Techniques such as “watermarking” have been known in the art for incorporating information signals into media signals or executable code. Typical watermarks may include encoded indications of authorship, content, lineage, existence of copyright, or the like. Alternatively, other information may be incorporated into audio signals, either concerning the signal itself, or unrelated to it. The information may be incorporated in an audio signal for various purposes, such as identification or as an address or command, whether or not related to the signal itself.
There is considerable interest in encoding audio signals with information to produce encoded audio signals having substantially the same perceptible characteristics as the original unencoded audio signals. Recent successful techniques exploit the psychoacoustic masking effect of the human auditory system whereby certain sounds are humanly imperceptible when received along with other sounds.

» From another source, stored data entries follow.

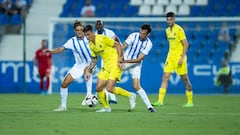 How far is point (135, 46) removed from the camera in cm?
1878

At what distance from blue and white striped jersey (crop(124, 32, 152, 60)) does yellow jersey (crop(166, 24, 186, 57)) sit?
0.97 meters

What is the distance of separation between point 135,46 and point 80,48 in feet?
4.65

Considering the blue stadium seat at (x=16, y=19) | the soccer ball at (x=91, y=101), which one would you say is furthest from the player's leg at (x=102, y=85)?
the blue stadium seat at (x=16, y=19)

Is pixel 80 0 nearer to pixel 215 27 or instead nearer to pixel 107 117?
pixel 215 27

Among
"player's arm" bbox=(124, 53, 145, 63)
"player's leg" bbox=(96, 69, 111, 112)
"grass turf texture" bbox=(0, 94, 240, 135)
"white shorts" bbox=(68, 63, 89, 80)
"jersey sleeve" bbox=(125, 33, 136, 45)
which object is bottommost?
"grass turf texture" bbox=(0, 94, 240, 135)

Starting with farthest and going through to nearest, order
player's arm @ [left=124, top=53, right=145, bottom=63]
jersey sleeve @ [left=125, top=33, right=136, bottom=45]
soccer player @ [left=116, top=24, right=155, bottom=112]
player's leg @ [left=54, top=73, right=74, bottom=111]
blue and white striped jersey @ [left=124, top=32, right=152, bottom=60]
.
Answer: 1. jersey sleeve @ [left=125, top=33, right=136, bottom=45]
2. blue and white striped jersey @ [left=124, top=32, right=152, bottom=60]
3. soccer player @ [left=116, top=24, right=155, bottom=112]
4. player's arm @ [left=124, top=53, right=145, bottom=63]
5. player's leg @ [left=54, top=73, right=74, bottom=111]

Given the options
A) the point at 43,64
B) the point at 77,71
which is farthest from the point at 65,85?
the point at 43,64

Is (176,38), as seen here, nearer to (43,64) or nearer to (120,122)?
(120,122)

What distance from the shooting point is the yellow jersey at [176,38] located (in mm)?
19119

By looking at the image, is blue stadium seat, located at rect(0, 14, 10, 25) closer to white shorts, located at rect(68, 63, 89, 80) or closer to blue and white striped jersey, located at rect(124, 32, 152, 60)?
blue and white striped jersey, located at rect(124, 32, 152, 60)

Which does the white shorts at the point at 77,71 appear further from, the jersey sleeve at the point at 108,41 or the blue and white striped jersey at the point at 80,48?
the jersey sleeve at the point at 108,41

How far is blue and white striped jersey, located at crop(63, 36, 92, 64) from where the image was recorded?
59.8 ft

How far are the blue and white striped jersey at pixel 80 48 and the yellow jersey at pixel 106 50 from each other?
2.16 metres

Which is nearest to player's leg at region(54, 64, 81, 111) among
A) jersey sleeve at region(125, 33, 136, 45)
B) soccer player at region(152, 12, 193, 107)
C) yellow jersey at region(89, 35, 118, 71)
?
yellow jersey at region(89, 35, 118, 71) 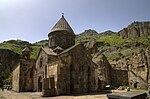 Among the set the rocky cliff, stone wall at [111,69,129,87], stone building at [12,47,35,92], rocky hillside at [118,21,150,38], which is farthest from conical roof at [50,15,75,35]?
rocky hillside at [118,21,150,38]

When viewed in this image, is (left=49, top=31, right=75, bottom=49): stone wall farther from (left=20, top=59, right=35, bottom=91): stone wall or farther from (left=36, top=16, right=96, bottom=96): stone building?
(left=20, top=59, right=35, bottom=91): stone wall

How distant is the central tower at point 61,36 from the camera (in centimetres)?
2964

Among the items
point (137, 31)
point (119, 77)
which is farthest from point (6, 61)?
point (137, 31)

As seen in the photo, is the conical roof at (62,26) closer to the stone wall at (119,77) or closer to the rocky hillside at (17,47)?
the stone wall at (119,77)

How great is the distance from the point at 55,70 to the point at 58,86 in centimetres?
220

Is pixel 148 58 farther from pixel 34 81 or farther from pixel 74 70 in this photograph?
pixel 34 81

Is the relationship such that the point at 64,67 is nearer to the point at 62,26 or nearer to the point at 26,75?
the point at 62,26

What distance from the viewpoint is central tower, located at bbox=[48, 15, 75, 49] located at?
29.6 meters

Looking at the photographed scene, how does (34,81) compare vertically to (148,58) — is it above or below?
below

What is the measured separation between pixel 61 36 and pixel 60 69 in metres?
9.05

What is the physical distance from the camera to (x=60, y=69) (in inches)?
868

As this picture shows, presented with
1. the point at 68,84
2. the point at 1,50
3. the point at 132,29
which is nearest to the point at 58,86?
the point at 68,84

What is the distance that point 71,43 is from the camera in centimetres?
3019

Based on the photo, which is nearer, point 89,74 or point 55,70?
point 55,70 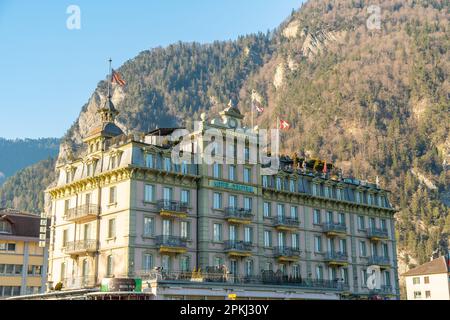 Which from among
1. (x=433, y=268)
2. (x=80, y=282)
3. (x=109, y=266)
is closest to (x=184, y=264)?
(x=109, y=266)

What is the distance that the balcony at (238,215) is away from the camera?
2603 inches

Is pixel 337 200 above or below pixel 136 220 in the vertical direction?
above

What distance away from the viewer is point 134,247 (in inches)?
2331

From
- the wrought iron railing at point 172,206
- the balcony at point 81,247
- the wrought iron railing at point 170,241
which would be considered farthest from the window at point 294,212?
the balcony at point 81,247

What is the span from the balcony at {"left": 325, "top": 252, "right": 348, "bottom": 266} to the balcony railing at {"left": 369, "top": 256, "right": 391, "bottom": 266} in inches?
214

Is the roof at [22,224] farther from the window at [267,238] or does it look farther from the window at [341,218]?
the window at [341,218]

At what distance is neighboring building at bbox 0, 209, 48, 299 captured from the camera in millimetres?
83812

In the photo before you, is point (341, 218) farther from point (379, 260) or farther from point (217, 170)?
point (217, 170)

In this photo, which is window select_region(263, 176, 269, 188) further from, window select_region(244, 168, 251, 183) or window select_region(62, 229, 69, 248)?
window select_region(62, 229, 69, 248)

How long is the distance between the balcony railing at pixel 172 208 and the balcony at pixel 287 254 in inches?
537

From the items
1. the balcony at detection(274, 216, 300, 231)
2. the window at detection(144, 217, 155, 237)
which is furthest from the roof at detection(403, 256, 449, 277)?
the window at detection(144, 217, 155, 237)
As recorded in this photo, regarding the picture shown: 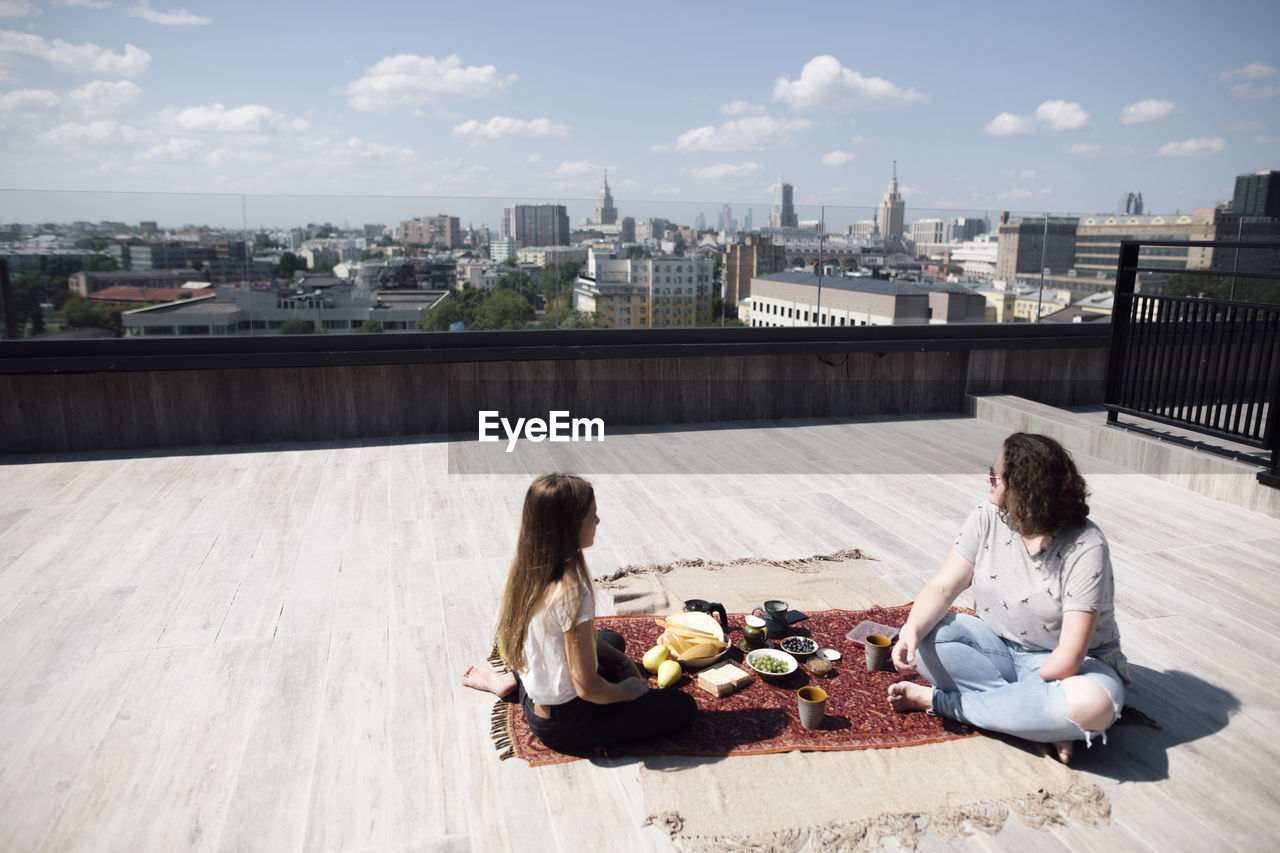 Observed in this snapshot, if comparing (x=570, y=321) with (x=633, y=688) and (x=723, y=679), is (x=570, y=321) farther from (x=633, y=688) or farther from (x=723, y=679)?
(x=633, y=688)

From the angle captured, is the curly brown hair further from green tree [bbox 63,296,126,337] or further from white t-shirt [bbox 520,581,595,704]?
green tree [bbox 63,296,126,337]

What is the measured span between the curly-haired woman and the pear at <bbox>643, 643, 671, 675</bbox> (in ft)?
2.35

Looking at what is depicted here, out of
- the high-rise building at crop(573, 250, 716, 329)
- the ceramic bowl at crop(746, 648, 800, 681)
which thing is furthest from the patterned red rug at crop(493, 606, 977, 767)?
the high-rise building at crop(573, 250, 716, 329)

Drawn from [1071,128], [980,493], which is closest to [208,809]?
[980,493]

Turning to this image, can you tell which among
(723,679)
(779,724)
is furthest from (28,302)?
(779,724)

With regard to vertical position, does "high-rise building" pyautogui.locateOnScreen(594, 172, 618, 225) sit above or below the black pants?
above

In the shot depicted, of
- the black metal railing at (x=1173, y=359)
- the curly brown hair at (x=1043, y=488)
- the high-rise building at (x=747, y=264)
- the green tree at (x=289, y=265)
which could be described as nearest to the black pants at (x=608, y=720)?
the curly brown hair at (x=1043, y=488)

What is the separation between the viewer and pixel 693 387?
6477 millimetres

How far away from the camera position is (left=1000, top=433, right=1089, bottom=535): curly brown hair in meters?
2.12

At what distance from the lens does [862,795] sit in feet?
6.60

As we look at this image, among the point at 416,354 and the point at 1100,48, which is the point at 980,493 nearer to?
the point at 416,354

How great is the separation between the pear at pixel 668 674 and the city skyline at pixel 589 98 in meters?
4.16

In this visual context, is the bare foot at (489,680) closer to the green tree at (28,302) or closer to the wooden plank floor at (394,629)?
the wooden plank floor at (394,629)

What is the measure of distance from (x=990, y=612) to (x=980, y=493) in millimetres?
2413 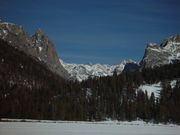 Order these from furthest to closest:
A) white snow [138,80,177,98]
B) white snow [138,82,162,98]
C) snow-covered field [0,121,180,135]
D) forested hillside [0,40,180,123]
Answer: white snow [138,82,162,98] → white snow [138,80,177,98] → forested hillside [0,40,180,123] → snow-covered field [0,121,180,135]

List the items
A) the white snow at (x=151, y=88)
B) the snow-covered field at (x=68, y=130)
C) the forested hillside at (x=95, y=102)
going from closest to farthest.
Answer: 1. the snow-covered field at (x=68, y=130)
2. the forested hillside at (x=95, y=102)
3. the white snow at (x=151, y=88)

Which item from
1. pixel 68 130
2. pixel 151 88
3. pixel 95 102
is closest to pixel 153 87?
pixel 151 88

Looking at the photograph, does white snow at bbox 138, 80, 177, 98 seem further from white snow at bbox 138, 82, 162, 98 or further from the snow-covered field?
the snow-covered field

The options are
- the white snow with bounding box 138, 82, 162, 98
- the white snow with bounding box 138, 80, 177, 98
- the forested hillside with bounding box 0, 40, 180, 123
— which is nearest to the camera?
the forested hillside with bounding box 0, 40, 180, 123

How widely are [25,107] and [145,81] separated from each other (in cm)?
6304

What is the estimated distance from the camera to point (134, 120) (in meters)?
110

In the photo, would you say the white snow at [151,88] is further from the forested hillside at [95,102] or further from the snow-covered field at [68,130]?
the snow-covered field at [68,130]

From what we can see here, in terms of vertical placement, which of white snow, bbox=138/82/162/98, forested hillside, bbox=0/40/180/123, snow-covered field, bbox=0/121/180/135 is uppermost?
white snow, bbox=138/82/162/98

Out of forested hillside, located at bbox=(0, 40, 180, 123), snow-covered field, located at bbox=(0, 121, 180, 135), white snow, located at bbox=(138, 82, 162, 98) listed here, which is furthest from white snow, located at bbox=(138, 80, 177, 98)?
snow-covered field, located at bbox=(0, 121, 180, 135)

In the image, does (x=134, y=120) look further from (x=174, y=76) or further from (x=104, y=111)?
(x=174, y=76)

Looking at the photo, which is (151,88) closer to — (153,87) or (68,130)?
(153,87)

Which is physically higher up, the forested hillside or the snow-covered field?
the forested hillside

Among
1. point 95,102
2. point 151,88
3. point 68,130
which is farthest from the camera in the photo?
point 151,88

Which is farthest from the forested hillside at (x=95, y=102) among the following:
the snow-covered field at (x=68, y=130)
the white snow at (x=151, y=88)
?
the snow-covered field at (x=68, y=130) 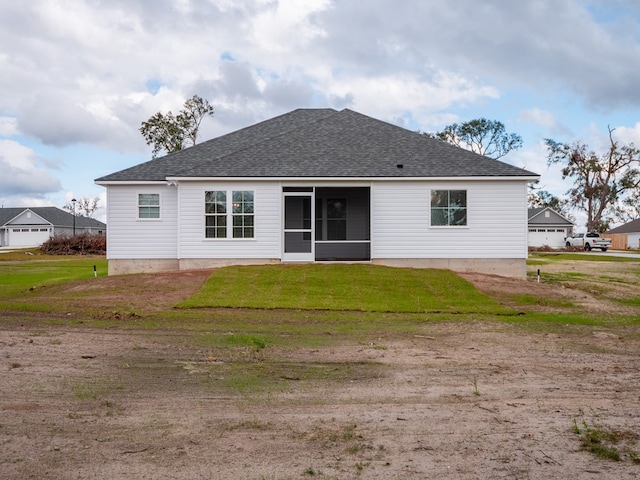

Arbitron has developed a new and innovative technology called Critical Band Encoding Technology (CBET) that encompasses all forms of audio and video broadcasts in the measurement of audience participation. This technology dramatically increases the both the accuracy of the measurement and the quantity of useable and effective data across all types of signal broadcasts. CBET is an encoding technique that Arbitron developed and that embeds identifying information (ID code) or other information within the audio portion of a broadcast. An audio signal is broadcast within the actual audio signal of the program, in a manner that makes the ID code inaudible, to all locations the program is broadcast, for example, a car radio, home stereo, computer network, television, etc. This embedded audio signal or ID code is then picked up by small (pager-size) specially designed receiving stations called Portable People Meters (PPM), which capture the encoded identifying signal, and store the information along with a time stamp in memory for retrieval at a later time. A microphone contained within the PPM receives the audio signal, which contains within it the ID code.
Further disclosures related to CBET encoding may be found in U.S. Pat. No. 5,450,490 and U.S. Pat. No. 5,764,763 (Jensen et al.) in which information is represented by a multiple-frequency code signal which is incorporated into an audio signal based upon the masking ability of the audio signal. Additional examples include U.S. Pat. No. 6,871,180 (Neuhauser et al.) and U.S. Pat. No. 6,845,360 (Jensen et al.), where numerous messages represented by multiple frequency code signals are incorporated to produce and encoded audio signal. Other examples include U.S. Pat. No. 7,239,981 (Kolessar et al.). Each of the above-mentioned patents is incorporated by reference in its entirety herein.
The encoded audio signal described above is suitable for broadcast transmission and reception and may be adapted for Internet transmission, reception, recording and reproduction. When received, the audio signal is processed to detect the presence of the multiple-frequency code signal. Sometimes, only a portion of the multiple-frequency code signal, e.g., a number of single frequency code components, inserted into the original audio signal, is detected in the received audio signal. However, if a sufficient quantity of code components is detected, the information signal itself may be recovered.
Other means of watermarking have been used in various forms to track multimedia over computer networks and to detect if a user is authorized to access and play the multimedia. For certain digital media, metadata is transmitted along with media signals. This metadata can be used to carry one or more identifiers that are mapped to metadata or actions. The metadata can be encoded at the time of broadcast or prior to broadcasting. Decoding of the identifier may be performed at a digital receiver. Other means of watermarking include the combination of digital watermarking with various encryption techniques known in the art.
While various encoding and watermarking techniques have been used to track and protect digital data, there have been insufficient advances in the fields of cross-platform digital media monitoring. Specifically, in cases where a person's exposure to Internet digital media is monitored in addition to exposure to other forms of digital media (e.g., radio, television, etc.), conventional watermarking systems have shown themselves unable to effectively monitor and track media exposure. Furthermore, there is a need to integrate exposure to digital media across platforms where the digital media includes formats that are not traditionally subject to audio encoding. Moreover, there is a need in the art to properly “mask” such signals using environmental sounds and/or sounds native to a device that is conducting beaconing processes.